Supplied records:

==================================================

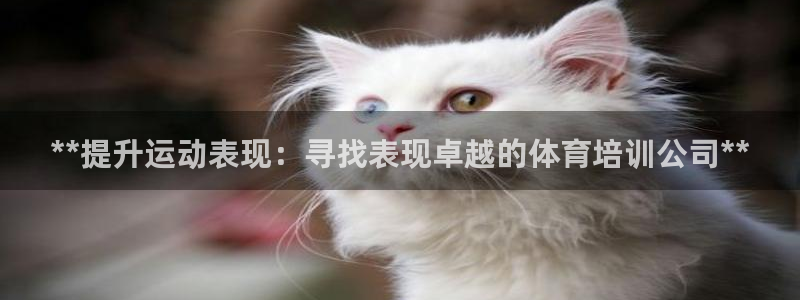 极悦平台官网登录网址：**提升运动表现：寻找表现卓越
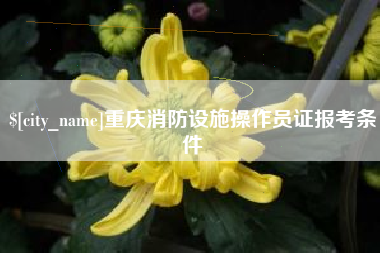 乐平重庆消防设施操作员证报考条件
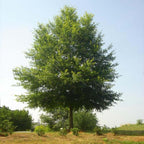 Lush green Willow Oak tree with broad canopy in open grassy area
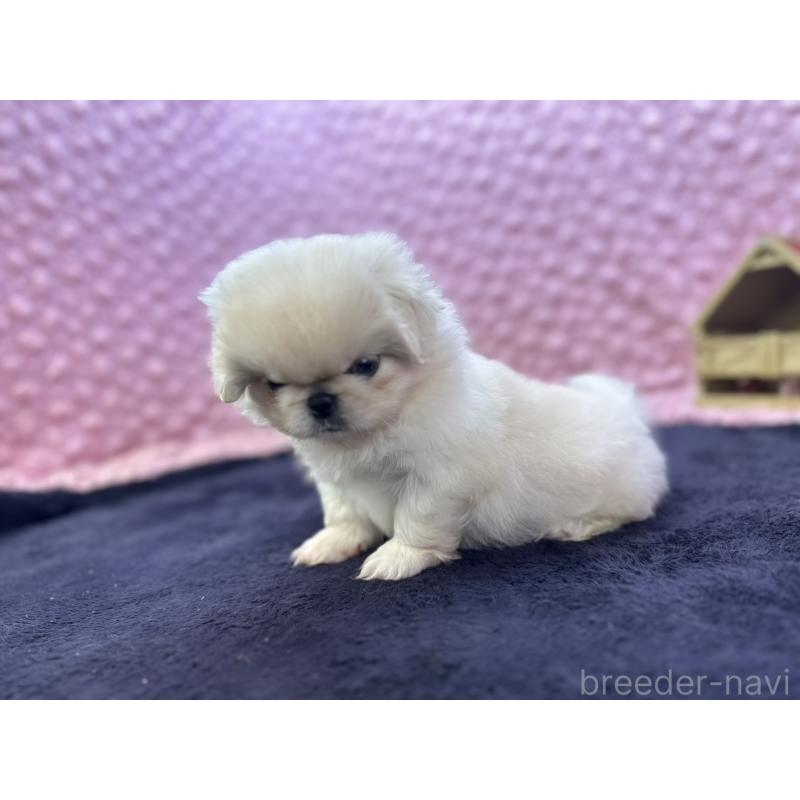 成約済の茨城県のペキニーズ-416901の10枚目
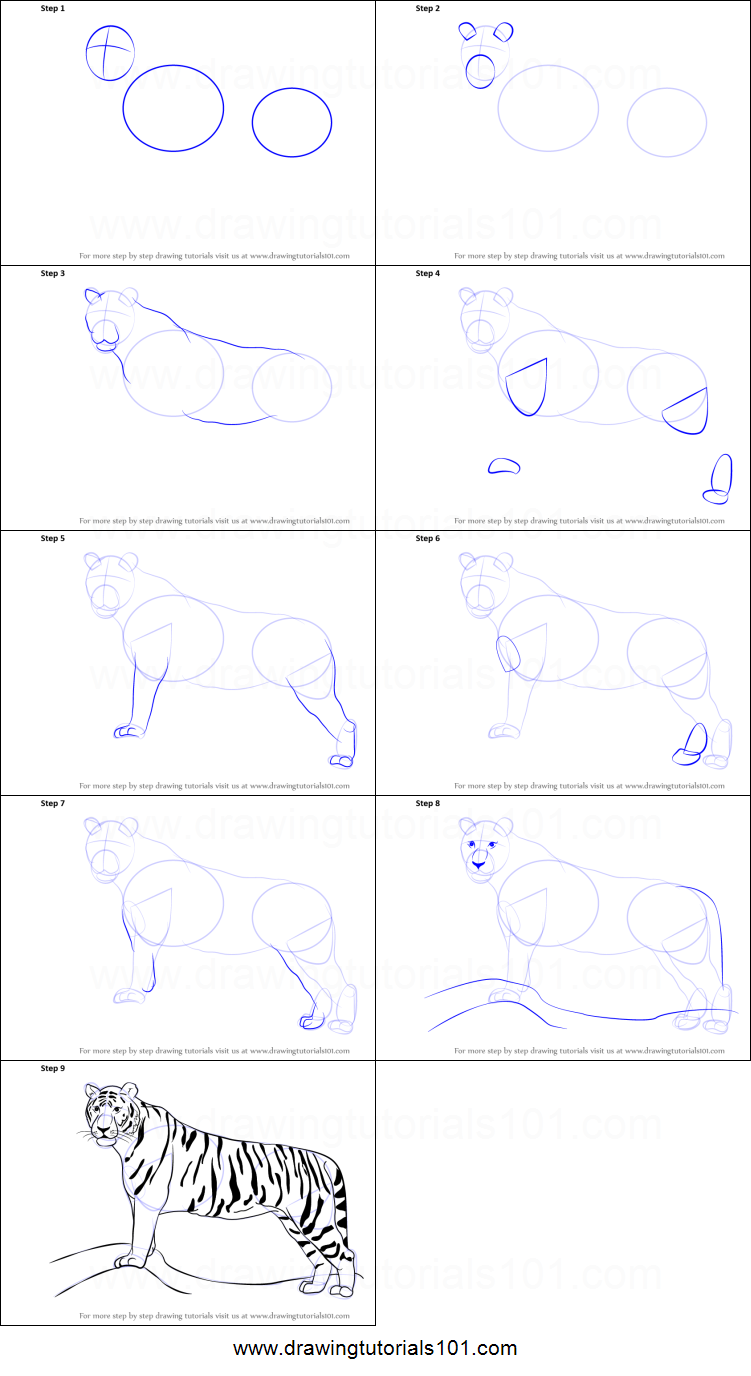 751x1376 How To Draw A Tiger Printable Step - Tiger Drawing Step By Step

==================================================

Your assignment:
Give the listing above again word for word, without its pictures.

Task solution:
 极悦平台官网登录网址：**提升运动表现：寻找表现卓越
 乐平重庆消防设施操作员证报考条件
 Lush green Willow Oak tree with broad canopy in open grassy area
 成約済の茨城県のペキニーズ-416901の10枚目
 751x1376 How To Draw A Tiger Printable Step - Tiger Drawing Step By Step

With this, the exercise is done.